Submitted by adamtoner on Sat, 06/03/2017 - 21:52

Hi, this may seem like a very basic question, but it has thrown me slightly. The question regards working out the probabilities of two distributions and combining them. The way they have added the probabilities I don't get. The hints and answers booklet states the answer to be: $$\frac{0.6 ( b - 0.5 ) + 0.4 ( a - b )}{0.6b + 0.4a} = \frac{0.4a + 0.2b - 0.3}{0.6b + 0.4a}$$

Whereas I got: $$\frac{0.6 ( b - 0.5)}{b} - \frac{0.4 ( a - b )}{a}$$

There is obviously something I'm missing, but I can't find it. Thanks in advance for any help.

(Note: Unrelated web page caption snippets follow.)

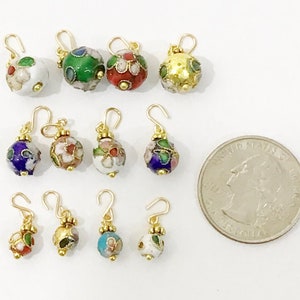 Set of 12 miniature Cloisonné Christmas tree ornaments 10-8-6mm  assort color for westrim or any mini tree dollhouse hooks included
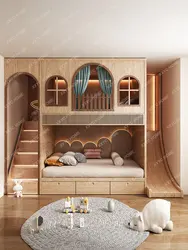 Children's Room Whole House Custom Slide Tree Hole Bed Solid Wood Upper and Lower Bunk Bunk Bed High Guardrail Sisterand Brother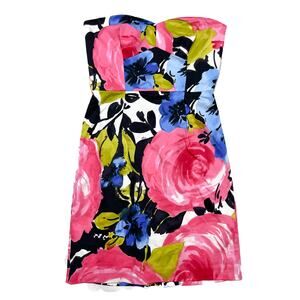 Trina Turk Vintage Y2K Floral Bustier Strapless Dress Multicolor Women's 4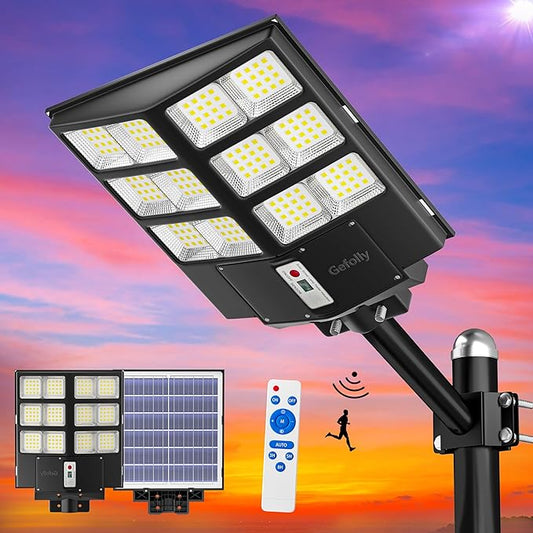 Gefolly SL-2000W Outdoor Solar Street Light - 200000LM, Dusk to Dawn, 6500K Solar Security Motion Sensor Flood Light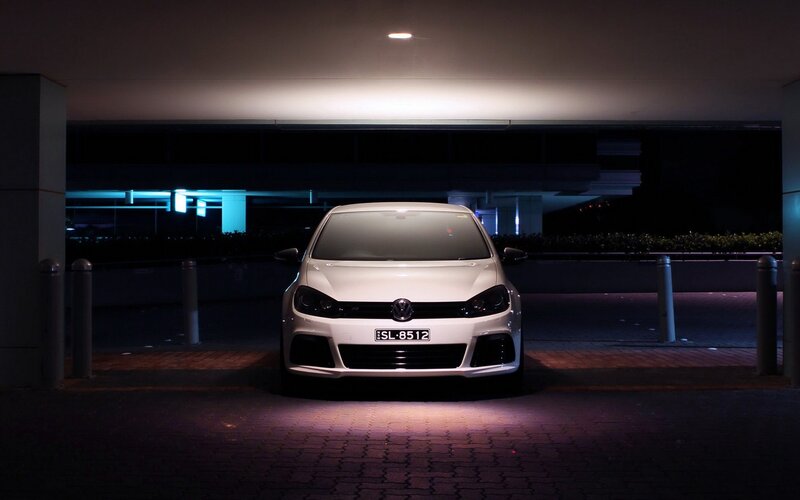 White Volkswagen Golf — Dramatic, Night, Photograph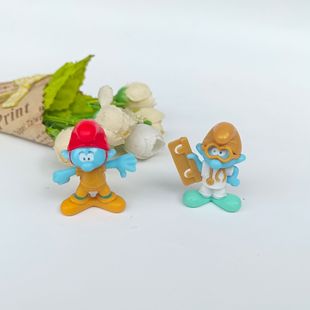 Two Assembled Blue Little Man Elf Foreign Trade Tailstock Children's Toys Cartoon Animation Periphery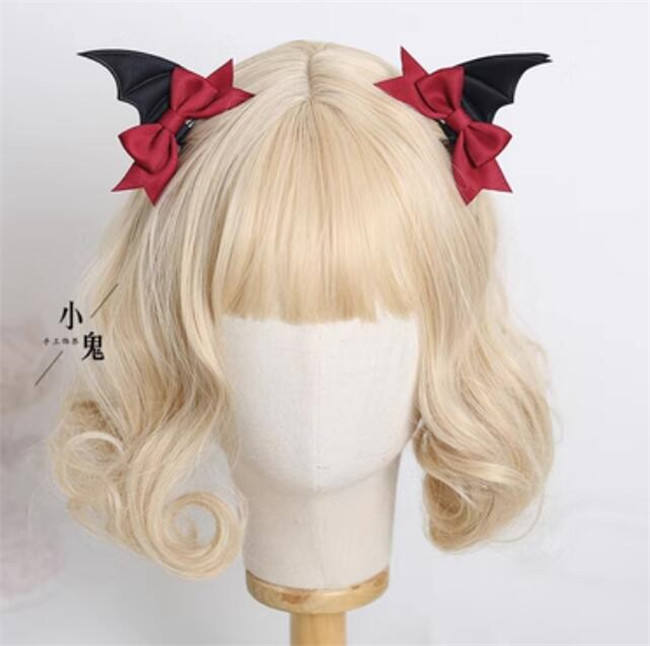 Black Wings Bat Hairclip Halloween Lolita Headdress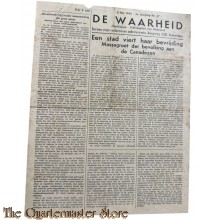 Krant, de Waarheid 5e Jrg no 27 9 mei 1945 Nooduitgave
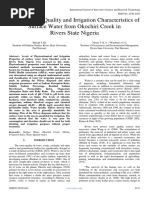 Evaluation of Quality and Irrigation Characteristics of Surface Water From Okochiri Creek in Rivers State Nigeria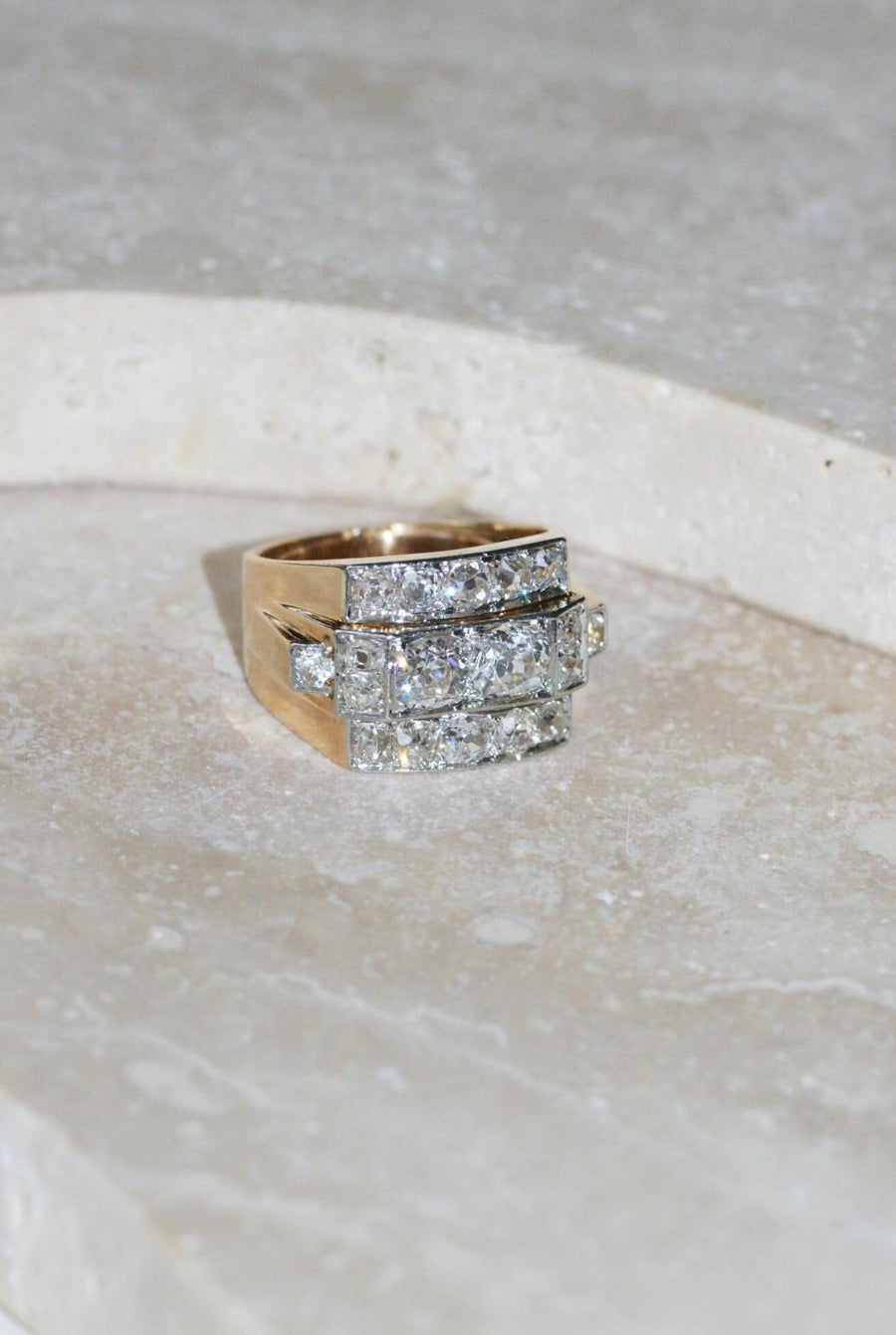 Ring Tank Diamonds 3,00 Cts Gold and Platinum - Galerie Pénélope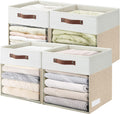 Storage Cubes 4 Pack Linen Bins 13 in - Beige and White Pack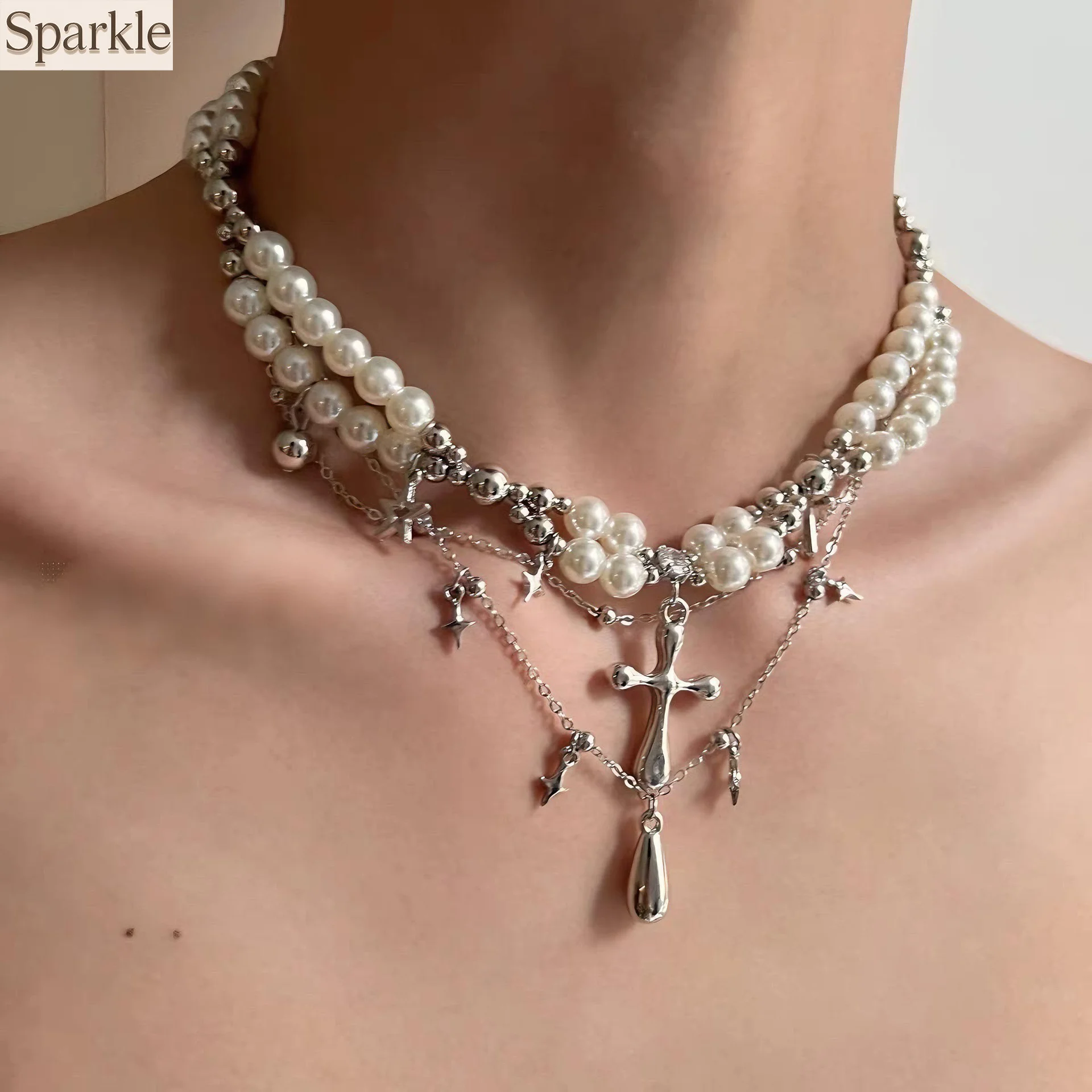 

Vintage Double-layer Pearl Cross Choker Necklaces For Men Women Exaggerated Elegant Beaded Chains on Neck spliced Luxury Jewelry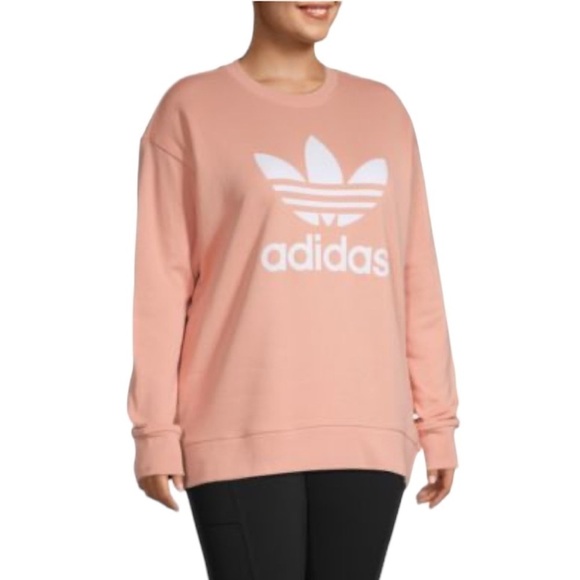 Adidas Size Medium Pink Sporty Crewneck Sweatshirt - Picture 1 of 9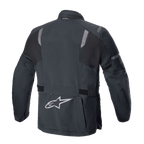 Giacca Alpinestars ST-7 2L GORE-TEX, vista posteriore, nero e grigio scuro, con pannelli riflettenti sulle spalle, logo Alpinestars a stella argento sulla parte bassa della schiena e cinghie regolabili in vita, abbigliamento moto adventure touring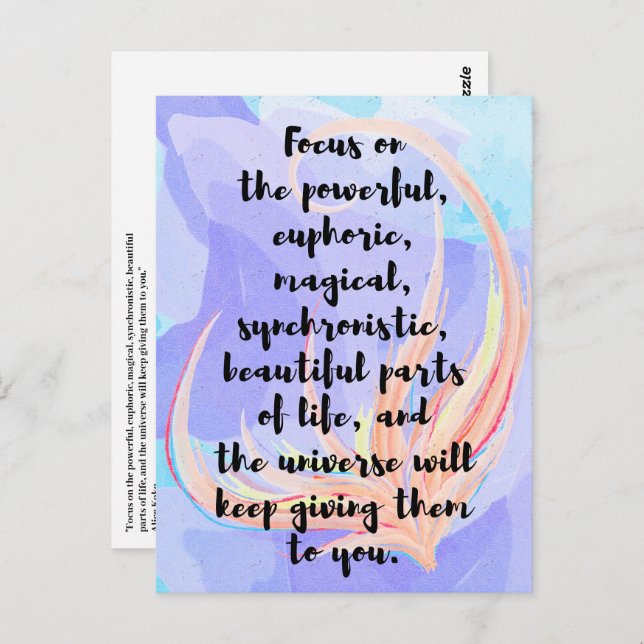 Watercolor and calligraphy law of attraction quote postcard (Front/Back)
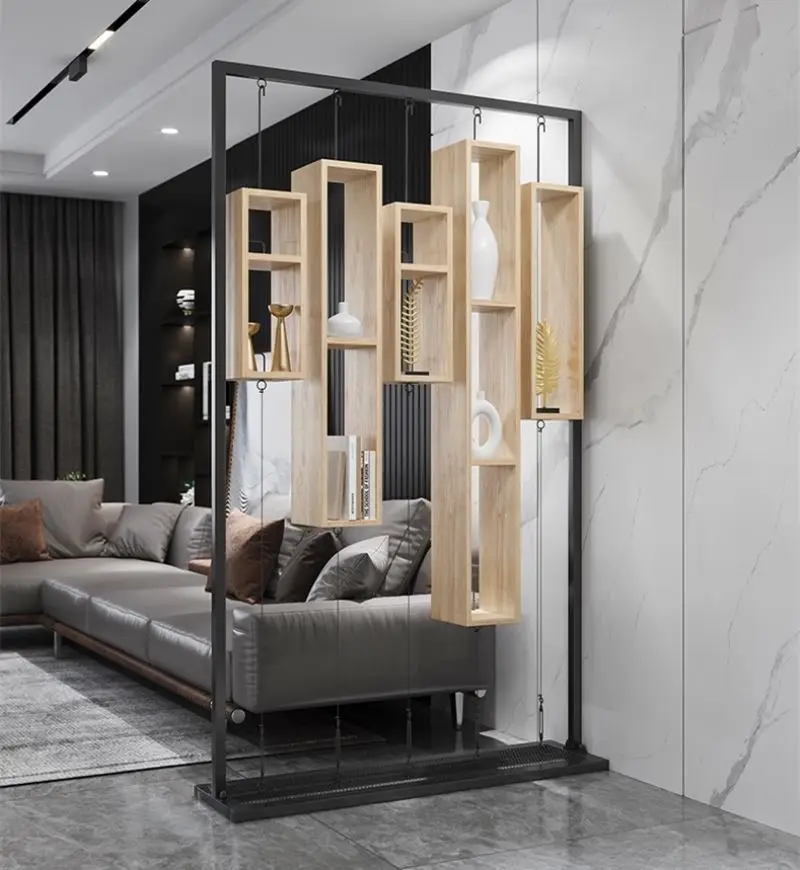 tt-Nordic Light Luxury Small Living Room Metal Wood Partition Simple Style Divider Creative Modern Floor Shelf Office Screen#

A link to the paper is here.

A link to the Hints and Answers document is here.

## Probability

I'll have a proper look tomorrow and get back to you!

## Conditional probability

You are being asked to find the probability that the bottle contains

more than!500 mlgiven thatit contains less than 505 ml.Bayes theorem gives us:

\[

P(A|B) = \frac{P(A \cap B)}{P(B)}

\]

So:

\[

P(\text{more than 500} | \text{less than 505}) \\

= \frac{P(\text{more than 500 AND less than 505})}{P(\text{less than 505})}\\

= \frac{P(500 \lt \text{amount} \lt 505)}{P(\text{less than 505})}\\

=\frac{P(\text{skimmed and } 500 \lt \text{amount} \lt 505)+P(\text{full fat and } 500 \lt \text{amount} \lt 505)}{P(\text{skimmed and less than 505})+P(\text{full fat and less than 505})}\\

=\frac{0.6 \times P(\mu \lt X_1 \lt \mu + \tfrac 1 2 \sigma)+ 0.4 \times P( \mu + \tfrac 1 2 \sigma \lt X_2 \lt \mu +\sigma)}{0.6 \times P(X_1 \lt \mu + \tfrac 1 2 \sigma)+ 0.4 \times P(X_2 \lt \mu +\sigma)}\\

=\frac {0.6(b-0.5)+0.4(a-b)}{0.6b+0.4a}

\]

Hope that's clear, please ask if there are any bits you want clarified.

## Ah I see now. What an

Ah I see now. What an oversight, thanks so much for helping to clear that up!